Shortly after, he trekked on. Orange and I passed him along the way not long after. The manuka trees parted ways to reveal scenic views of the ocean. I grew fond of pink flowers scattered throughout the trail that were shaped like bells covered in rain droplets.
We approached a more exposed region where Orange caught sight of a tui perched up in the tree branch above us. He had me listen to the way it sang. I had never heard anything like it. The melody brought me to another realm. It didn’t even sound real, as if it was a bird pretending to be a bird. It was making what sounded like computer generated glitches. He said they made sound frequencies we couldn’t even hear, hence their being gaps in their speech. The energy I felt after the fact was similar to the sharpness of mind I experienced to that of being on Ayahuasca.
We began looking for a campsite, but the few areas that were listed now happened to be permanently closed for various reasons, so we had to work with what we had.

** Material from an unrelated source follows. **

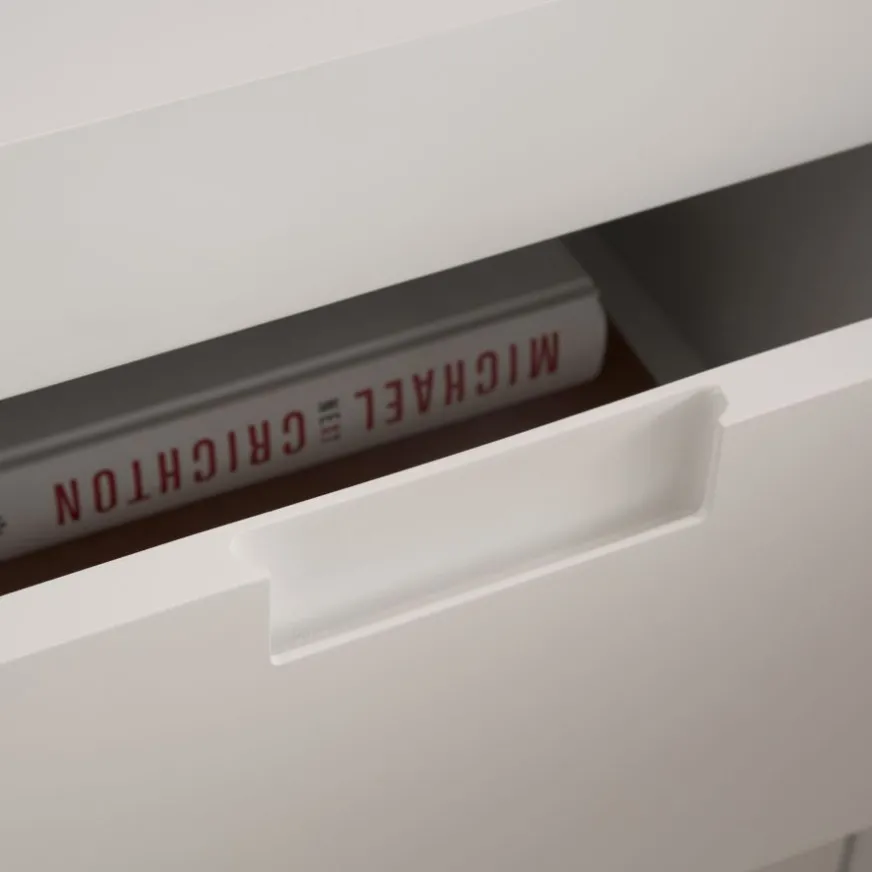 Banak Sisal Table de chevet laqué en blanc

Orange and I took a break on a boat dock and ate some maple bacon chips to ponder life. I hung my legs over the dock and enjoyed the freshness of the air, feeling into the sun and wind.

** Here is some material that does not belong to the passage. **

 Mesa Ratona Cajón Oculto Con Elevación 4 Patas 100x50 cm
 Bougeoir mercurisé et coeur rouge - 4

Suddenly, Orange pointed out a black blob in the sea that was shifting through the water. We stood up to get a closer look and it was a stingray making its way over to us! I couldn’t believe it. I had never seen one in person, let alone in the wild.
Too Clean saw us in the distance so we waved at him and he made his way over to us. We all looked at the stingrays together in complete awe, one even being the span of Too Clean’s arms wide open. At one point, the stingray slithered underneath the sand, leaving only its eyes and tail exposed.
We walked to the end of the dock and leaned over the wooden railing. We saw mussels, small fishies, jellyfish and birds. I felt as though I was experiencing a live version of National Geographic.
We all continued trekking and got on the topic of how we met.
“Orange saw me from the very beginning of my hiking journey when I was very much a princess still,” I said.
“Oh so she wasn’t feral yet when you knew her,” Too Clean said.
“Oh she was definitely feral even at the time when I knew her,” Orange said.
We were all pau for the day so we stealth camped near Madsens Camp (apologies for camping in a closed area). We set up our tents then joined each other for dinner. I watched the way Orange Man was so proud of his massive stove pot, slowly lifting the lid numerous times to see if the water was boiling yet.
I noticed I got pretty sunburnt fairly quickly today to which I was surprised. Apparently there was a hole in the ozone layer in this part of the world.
Our topics of conversation for the night consisted of what the correct pronunciation of the word aluminum was along with Too Clean saying he should be sponsored for his underwear lasting on so many thru-hikes.